Мятеж стихии, бунт хищных волн, гибель всех надежд и потеря близких порождают в несчастном Евгении «страшные думы» и «шум внутренней тревоги», заставляют его прозреть («Прояснились в нем страшно мысли»), пусть через несчастье, ненависть и безумие («обуянный силой черной»), и сказать свое слабое, но твердое и гневное «нет» медному идолу торжествующей государственности. «Великие думы» Петра порождают «ужасные думы» его мятежного, отчаявшегося подданного. Маленький человек, лишившийся всего и сидящий верхом на мраморном льве посреди гибнущего града Петрова, вдруг грозит своим слабым кулачком («пальцы сжав») коронованному конному титану: «Ужо тебе!» Начинается их исторический поединок.
Это голос «незаконного» русского гуманизма, неожиданное напоминание о подлинной и главной ценности любой «системы» – человеке, его бесспорных правах. Пушкин в своих рукописях нарисовал медного коня на дикой скале, но уже без всадника. И тем самым показал, что екатеринбургская трагедия 1918 года – лишь один из последних, но не заключительный акт трагедии русской. Это цена бесчеловечности верховной власти, вызывающей «русский бунт, бессмысленный и беспощадный». Но в дерзком бунте Евгения есть великий исторический смысл и правда. И автор «Медного всадника» обратился к безоглядно несущейся в смутную историческую даль России с вечным русским вопросом:
Куда ты скачешь, гордый конь,
И где опустишь ты копыта?
Здесь, как и в пушкинской трагедии «Борис Годунов», философия русской истории приводит к вещему поэтическому слову, пророчеству и предостережению.
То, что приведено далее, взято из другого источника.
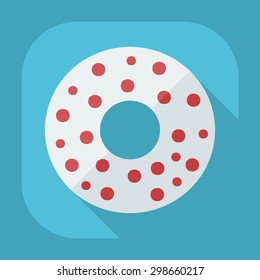 Flat modern design with shadow icons donut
Непомерно велика цена, тяжело имперское величие… Таковы смысл и назначение поэмы «Медный всадник».
На вопрос Пушкина Россия отвечала не раз и по-разному. Но все дело в том, что этот правильно поставленный вопрос великого национального поэта и ныне не потерял своей силы и значимости. Напрасно некоторые наивные люди думают, что Петр Великий участвует в нашей сегодняшней жизни только в виде безобидного изображения на всем любезной пятисотрублевой банкноте. Верный ответ на вопрос Пушкина еще впереди.